REQUIREMENT:
I would like the lines below, from the one with "molde de barba de papai noel em eva" through the one with "Dos jóvenes del", copied exactly and without any pictures.

*** DATASET CONTENT ***

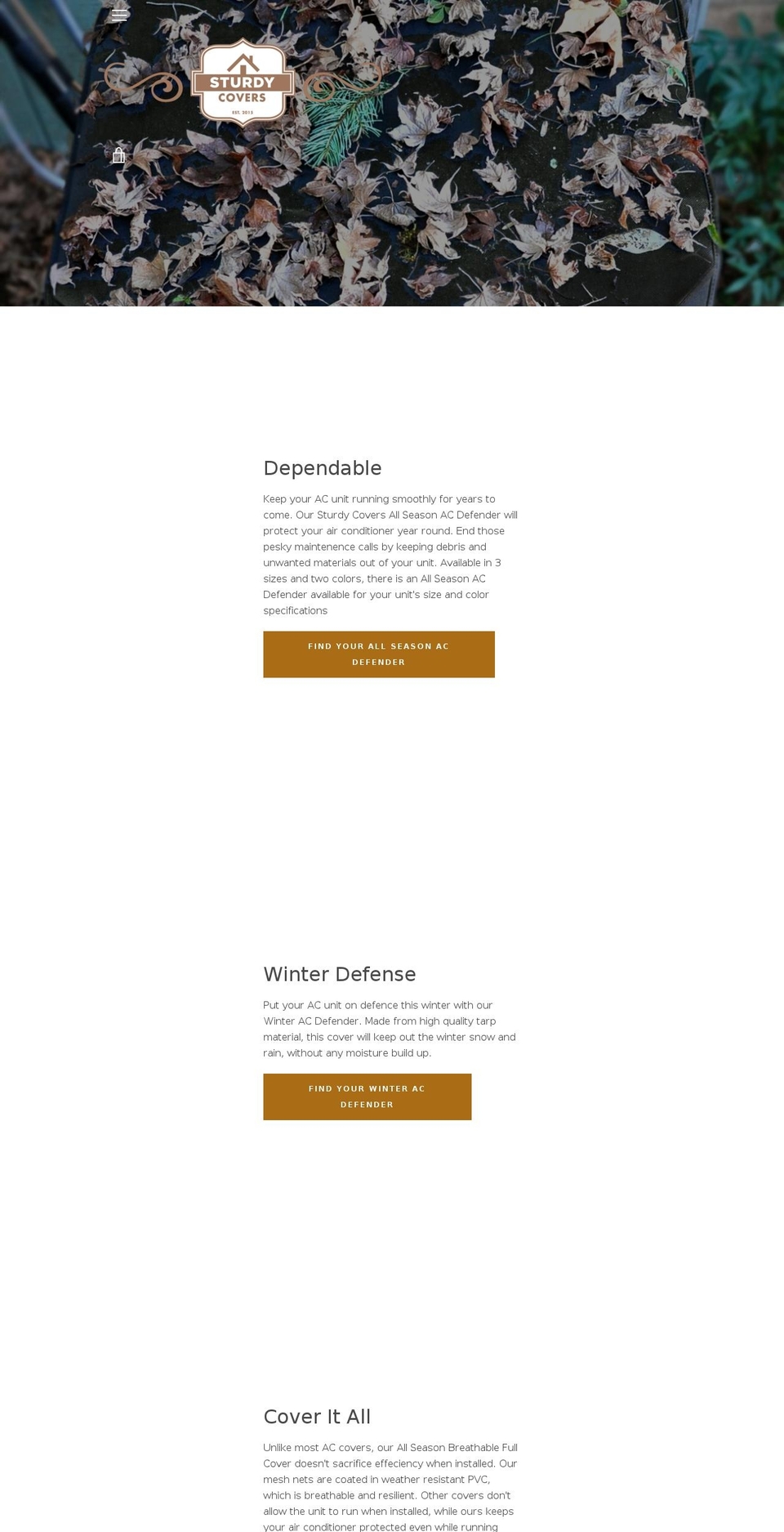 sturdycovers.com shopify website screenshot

*** End of DATASET CONTENT ***
*** DATASET CONTENT ***

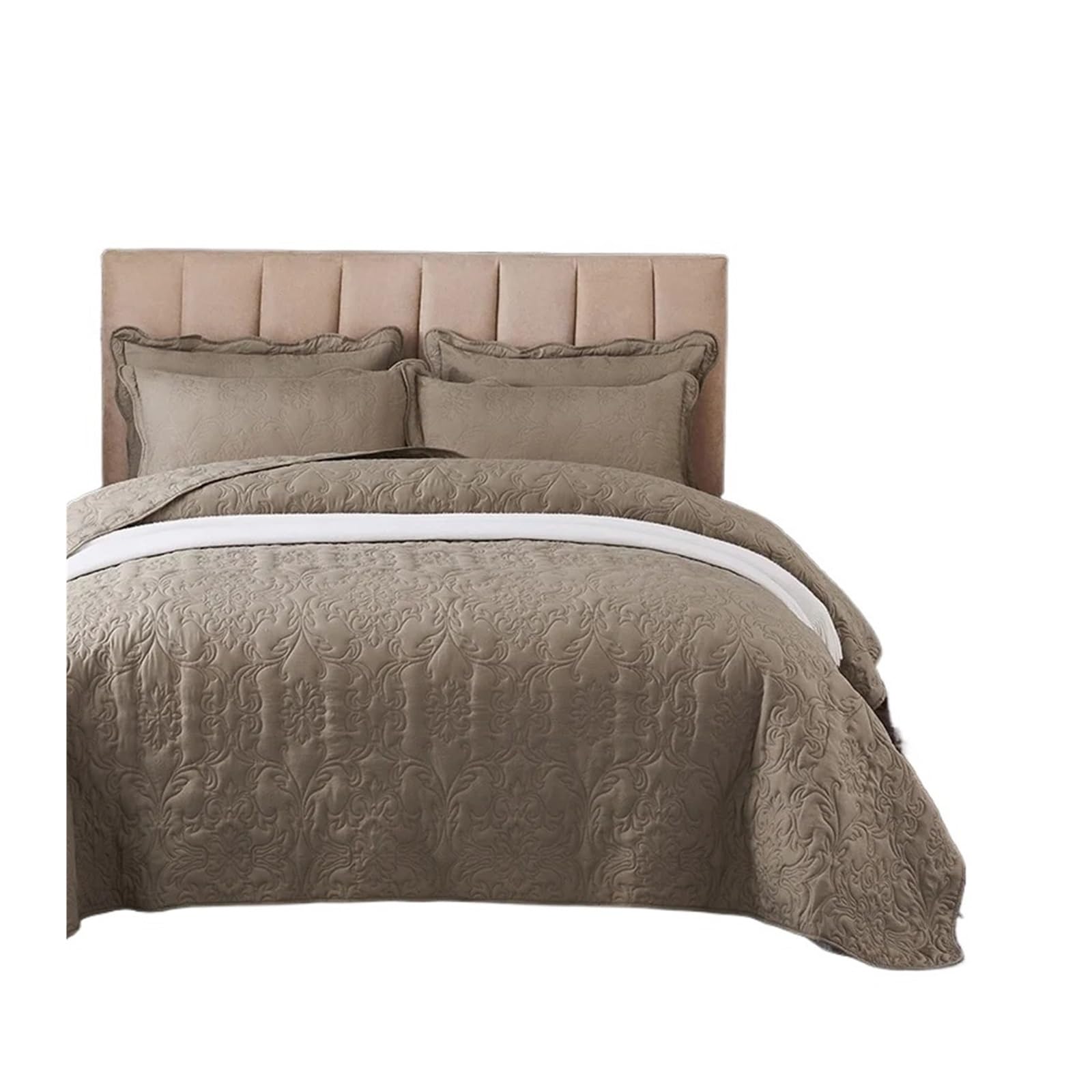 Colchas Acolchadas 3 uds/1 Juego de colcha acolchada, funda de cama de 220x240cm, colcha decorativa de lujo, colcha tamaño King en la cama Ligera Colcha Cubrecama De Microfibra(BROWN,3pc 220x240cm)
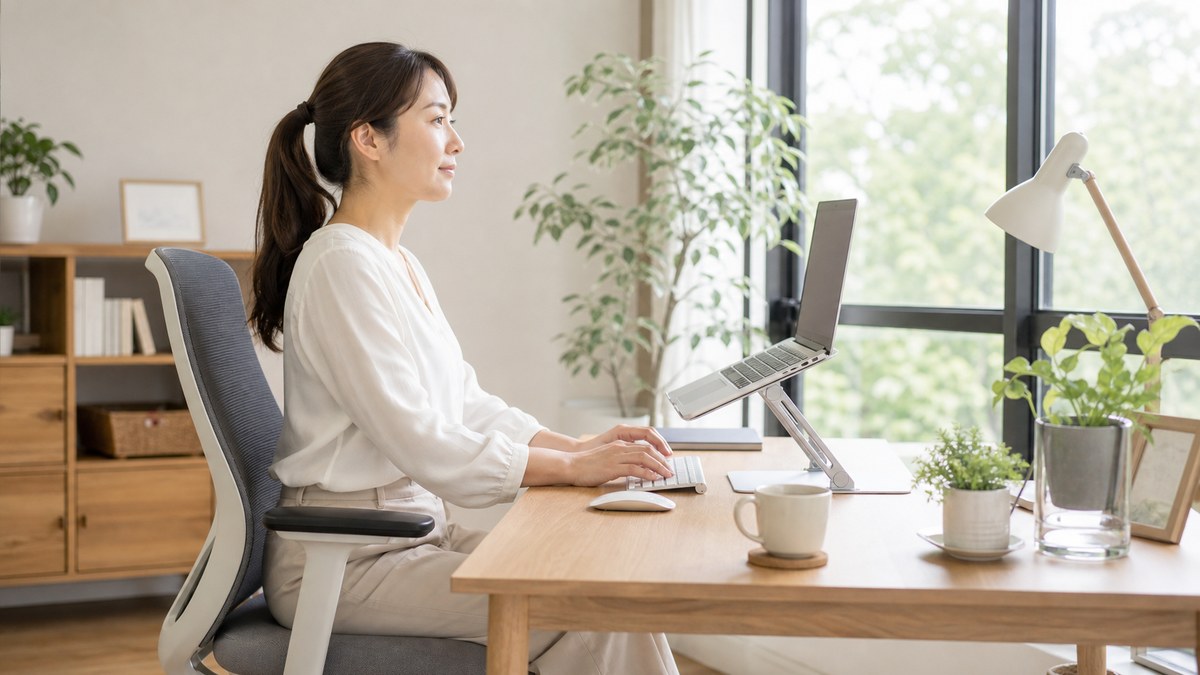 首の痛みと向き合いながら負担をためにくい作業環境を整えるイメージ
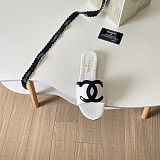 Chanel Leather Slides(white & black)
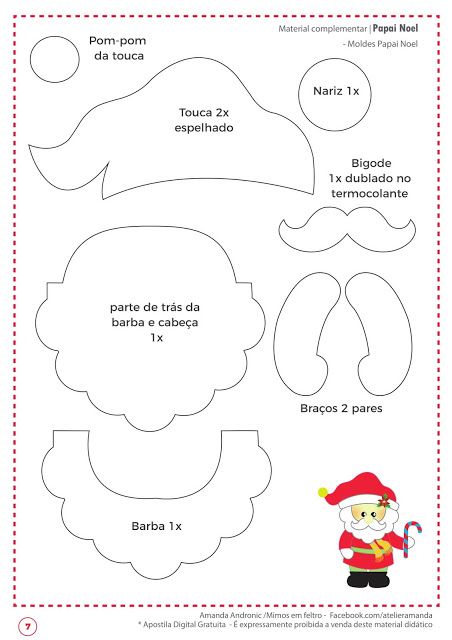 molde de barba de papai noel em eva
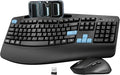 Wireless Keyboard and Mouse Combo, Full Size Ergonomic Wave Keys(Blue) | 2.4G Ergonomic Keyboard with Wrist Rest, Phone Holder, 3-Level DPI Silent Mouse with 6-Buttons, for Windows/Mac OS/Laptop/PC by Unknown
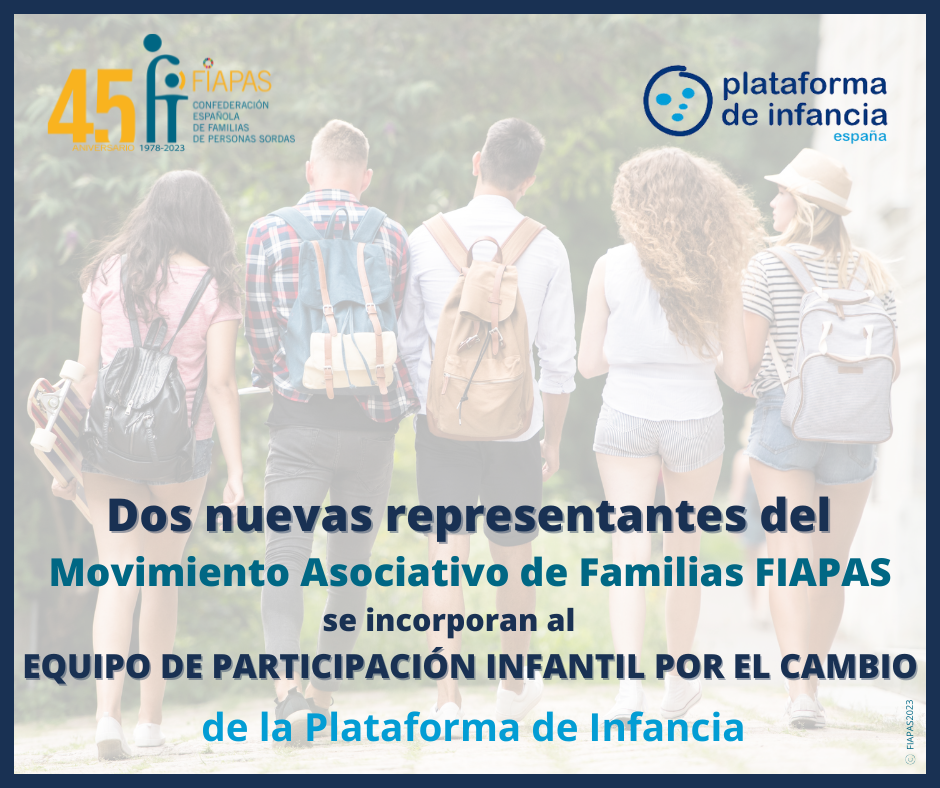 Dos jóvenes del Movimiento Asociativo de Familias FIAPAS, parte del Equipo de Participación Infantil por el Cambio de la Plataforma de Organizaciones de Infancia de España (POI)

*** End of DATASET CONTENT ***

ANSWER BELOW:
 molde de barba de papai noel em eva
 Wireless Keyboard and Mouse Combo, Full Size Ergonomic Wave Keys(Blue) | 2.4G Ergonomic Keyboard with Wrist Rest, Phone Holder, 3-Level DPI Silent Mouse with 6-Buttons, for Windows/Mac OS/Laptop/PC by Unknown
 Dos jóvenes del Movimiento Asociativo de Familias FIAPAS, parte del Equipo de Participación Infantil por el Cambio de la Plataforma de Organizaciones de Infancia de España (POI)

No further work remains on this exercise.